En tant que membre du G20, la Chine fait partie du projet DSSI. Mais jusqu’à présent elle a fourni un allègement seulement pour les petits prêts sans intérêt accordés directement par le gouvernement.
Le G20 a demandé aux prêteurs privés de suivre le plan DSSI mais la question de savoir si cela se produira demeure incertaine. La plus grosse dette de l’Éthiopie, d’un montant de 7,7 milliards de dollars, est due à la Banque chinoise d’importation et d’exportation (Exim), banque soutenue par l’état mais considérée par le gouvernement chinois comme un prêteur commercial privé.
La Banque Exim a accordé 32 prêts à l’Éthiopie entre 2007 et 2018. Ces prêts représentent plus de la moitié de la totalité de l’endettement éthiopien de 13,7 milliards de dollars à l’égard de la Chine, la majeure partie contractée depuis 2010.

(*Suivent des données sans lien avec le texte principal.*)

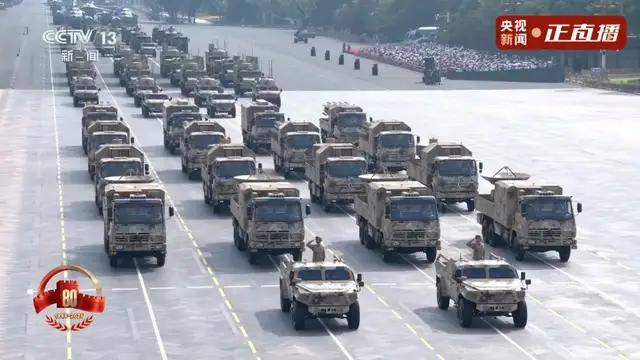 不装了<strong></p>
<p>聚查</strong>!一口气看完九三大阅兵武器装备!谁说我们一个也不认识?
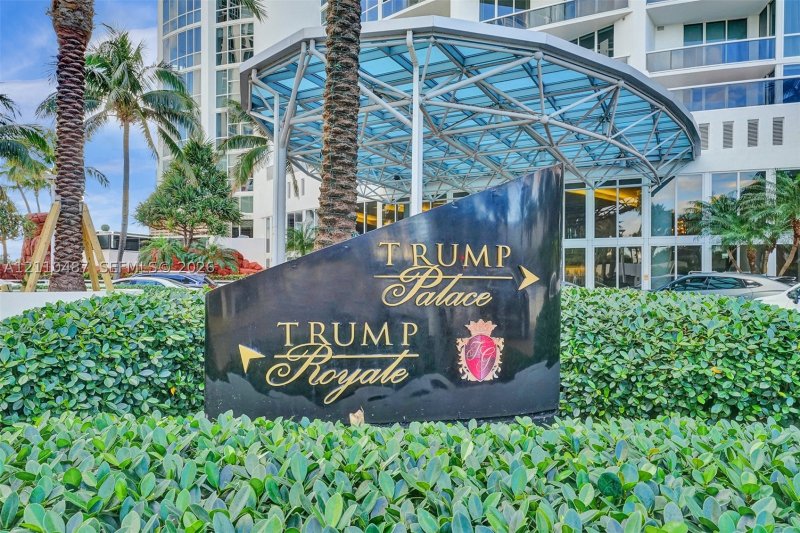 Condo for sale at Trump Royale 3402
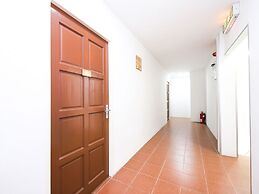 OYO 836 Mandurah Room & Cafe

La plupart des dettes chinoises de l’Éthiopie ont soutenu des projets d’infrastructure tels que la ligne ferroviaire d’Addis-Abeba à Djibouti et divers projets d’autoroute, ainsi que des entreprises d’état telles que l’Ethiopian Electric Power Corp.
Les banques chinoises considèrent les projets qu’elles financent comme un collatéral de la dette. Le non-paiement ou la demande d’allègement pourrait donc permettre à la banque de prendre possession de l’autoroute, du port ou d’un autre projet dans l’absence d’un remboursement.
En décembre 2019, l’Éthiopie et le Fonds monétaire international ont signé un accord de ligne de crédit d’une valeur de 2,9 milliards de dollars pour aider l’Éthiopie à renforcer son économie. Cet accord place l’Éthiopie dans une meilleure situation, comparé aux autres pays africains qui souhaitent un allègement de leurs dettes.
En même temps, M. Erasmus déclare que l’accord du G20 ne fait que remettre à plus tard l’impact inévitable du remboursement des dettes éthiopiennes.
« Bien que la DSSI ait fourni un répit du point de vue de la liquidité en devises fortes, s’il ne s’accompagne pas d’un remaniement de la gestion de l’endettement, cet exercice sera limité à un événement (fiscal) attentiste », écrit M. Erasmus dans son analyse de la dette éthiopienne.